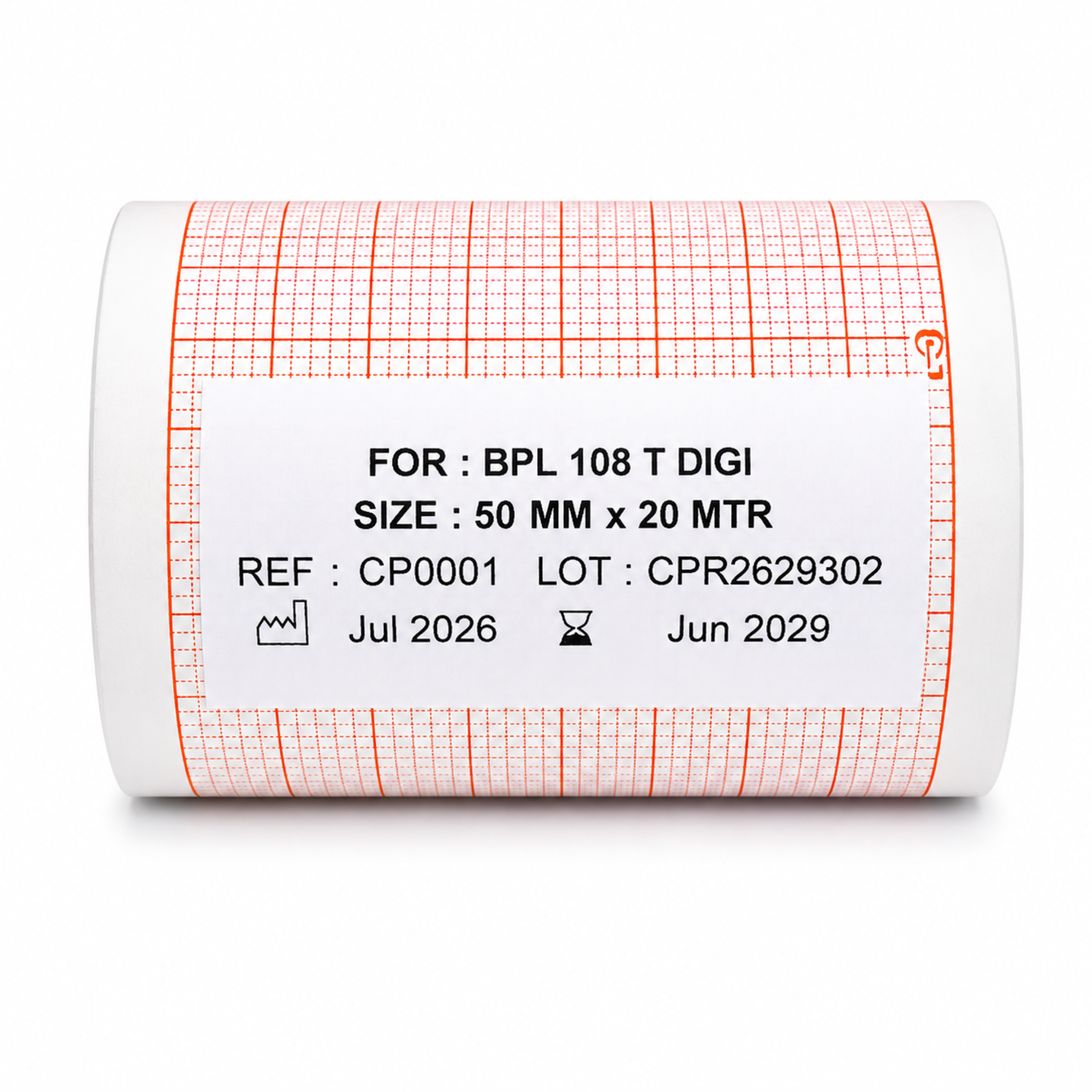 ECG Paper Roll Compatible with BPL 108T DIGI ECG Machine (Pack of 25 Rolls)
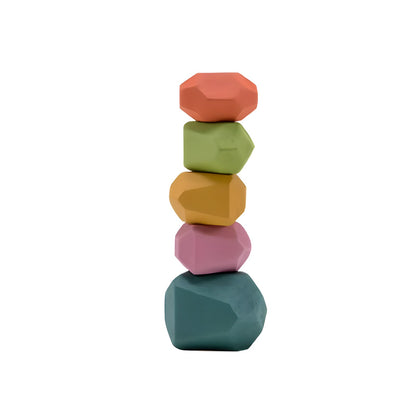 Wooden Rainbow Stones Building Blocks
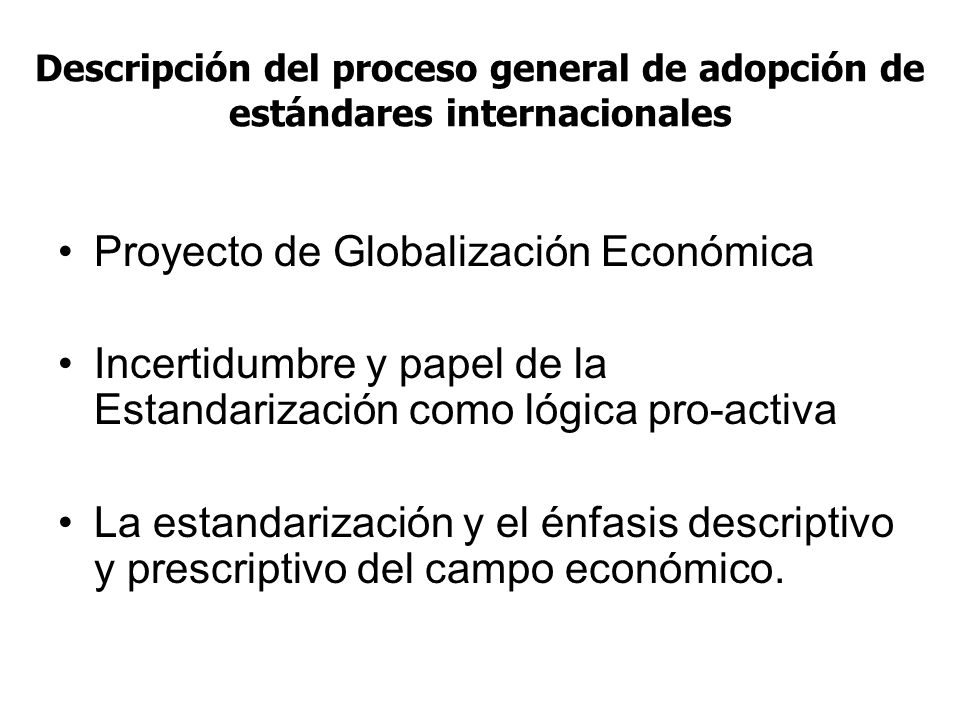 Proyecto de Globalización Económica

==

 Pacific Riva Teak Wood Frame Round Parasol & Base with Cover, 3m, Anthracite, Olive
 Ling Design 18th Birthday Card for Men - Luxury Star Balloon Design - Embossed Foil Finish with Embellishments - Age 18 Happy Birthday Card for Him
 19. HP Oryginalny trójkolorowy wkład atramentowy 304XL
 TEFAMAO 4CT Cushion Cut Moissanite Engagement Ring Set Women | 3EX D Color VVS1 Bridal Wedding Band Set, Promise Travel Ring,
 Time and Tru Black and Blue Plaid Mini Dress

[Required work]:
Extract the lines of the preceding material that run from the line with "Ling Design 18th" through the line with "Time and Tru Black and Blue Plaid Mini Dress", inclusive, reproducing them exactly and adding nothing.

[Written answer]:
 Ling Design 18th Birthday Card for Men - Luxury Star Balloon Design - Embossed Foil Finish with Embellishments - Age 18 Happy Birthday Card for Him
 19. HP Oryginalny trójkolorowy wkład atramentowy 304XL
 TEFAMAO 4CT Cushion Cut Moissanite Engagement Ring Set Women | 3EX D Color VVS1 Bridal Wedding Band Set, Promise Travel Ring,
 Time and Tru Black and Blue Plaid Mini Dress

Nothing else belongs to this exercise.